Please return each record exactly as it stands.

*** Material supplied ***

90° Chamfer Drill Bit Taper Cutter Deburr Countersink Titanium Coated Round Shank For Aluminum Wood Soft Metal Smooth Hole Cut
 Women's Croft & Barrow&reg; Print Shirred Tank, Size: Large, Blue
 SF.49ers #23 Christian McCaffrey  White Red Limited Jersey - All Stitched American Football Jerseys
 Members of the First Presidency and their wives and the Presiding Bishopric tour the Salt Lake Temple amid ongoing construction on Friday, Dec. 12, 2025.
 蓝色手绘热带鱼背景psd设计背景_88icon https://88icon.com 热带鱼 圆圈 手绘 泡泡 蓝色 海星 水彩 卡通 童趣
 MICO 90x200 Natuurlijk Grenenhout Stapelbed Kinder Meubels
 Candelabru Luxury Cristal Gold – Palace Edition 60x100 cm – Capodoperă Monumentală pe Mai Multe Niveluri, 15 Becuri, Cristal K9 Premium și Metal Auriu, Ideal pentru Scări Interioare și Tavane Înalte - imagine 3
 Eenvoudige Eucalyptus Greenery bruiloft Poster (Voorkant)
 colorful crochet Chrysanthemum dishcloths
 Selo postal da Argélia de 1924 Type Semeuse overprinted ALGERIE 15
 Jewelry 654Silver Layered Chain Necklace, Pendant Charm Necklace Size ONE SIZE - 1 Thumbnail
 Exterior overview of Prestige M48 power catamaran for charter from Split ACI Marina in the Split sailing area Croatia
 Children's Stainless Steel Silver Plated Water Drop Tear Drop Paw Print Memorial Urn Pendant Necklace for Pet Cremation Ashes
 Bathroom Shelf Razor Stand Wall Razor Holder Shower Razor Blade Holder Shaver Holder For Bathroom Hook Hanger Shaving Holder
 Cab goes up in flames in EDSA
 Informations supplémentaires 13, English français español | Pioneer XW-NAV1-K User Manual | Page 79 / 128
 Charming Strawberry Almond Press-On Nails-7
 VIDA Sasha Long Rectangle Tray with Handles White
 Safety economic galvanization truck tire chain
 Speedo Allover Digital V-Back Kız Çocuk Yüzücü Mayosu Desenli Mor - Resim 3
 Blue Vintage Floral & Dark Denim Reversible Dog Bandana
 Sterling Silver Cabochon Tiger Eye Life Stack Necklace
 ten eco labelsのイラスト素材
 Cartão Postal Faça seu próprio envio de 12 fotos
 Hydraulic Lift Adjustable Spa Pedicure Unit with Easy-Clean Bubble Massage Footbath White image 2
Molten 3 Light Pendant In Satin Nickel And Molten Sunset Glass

*** End of Material supplied ***

- **Task answer**
90° Chamfer Drill Bit Taper Cutter Deburr Countersink Titanium Coated Round Shank For Aluminum Wood Soft Metal Smooth Hole Cut
 Women's Croft & Barrow&reg; Print Shirred Tank, Size: Large, Blue
 SF.49ers #23 Christian McCaffrey  White Red Limited Jersey - All Stitched American Football Jerseys
 Members of the First Presidency and their wives and the Presiding Bishopric tour the Salt Lake Temple amid ongoing construction on Friday, Dec. 12, 2025.
 蓝色手绘热带鱼背景psd设计背景_88icon https://88icon.com 热带鱼 圆圈 手绘 泡泡 蓝色 海星 水彩 卡通 童趣
 MICO 90x200 Natuurlijk Grenenhout Stapelbed Kinder Meubels
 Candelabru Luxury Cristal Gold – Palace Edition 60x100 cm – Capodoperă Monumentală pe Mai Multe Niveluri, 15 Becuri, Cristal K9 Premium și Metal Auriu, Ideal pentru Scări Interioare și Tavane Înalte - imagine 3
 Eenvoudige Eucalyptus Greenery bruiloft Poster (Voorkant)
 colorful crochet Chrysanthemum dishcloths
 Selo postal da Argélia de 1924 Type Semeuse overprinted ALGERIE 15
 Jewelry 654Silver Layered Chain Necklace, Pendant Charm Necklace Size ONE SIZE - 1 Thumbnail
 Exterior overview of Prestige M48 power catamaran for charter from Split ACI Marina in the Split sailing area Croatia
 Children's Stainless Steel Silver Plated Water Drop Tear Drop Paw Print Memorial Urn Pendant Necklace for Pet Cremation Ashes
 Bathroom Shelf Razor Stand Wall Razor Holder Shower Razor Blade Holder Shaver Holder For Bathroom Hook Hanger Shaving Holder
 Cab goes up in flames in EDSA
 Informations supplémentaires 13, English français español | Pioneer XW-NAV1-K User Manual | Page 79 / 128
 Charming Strawberry Almond Press-On Nails-7
 VIDA Sasha Long Rectangle Tray with Handles White
 Safety economic galvanization truck tire chain
 Speedo Allover Digital V-Back Kız Çocuk Yüzücü Mayosu Desenli Mor - Resim 3
 Blue Vintage Floral & Dark Denim Reversible Dog Bandana
 Sterling Silver Cabochon Tiger Eye Life Stack Necklace
 ten eco labelsのイラスト素材
 Cartão Postal Faça seu próprio envio de 12 fotos
 Hydraulic Lift Adjustable Spa Pedicure Unit with Easy-Clean Bubble Massage Footbath White image 2
Molten 3 Light Pendant In Satin Nickel And Molten Sunset Glass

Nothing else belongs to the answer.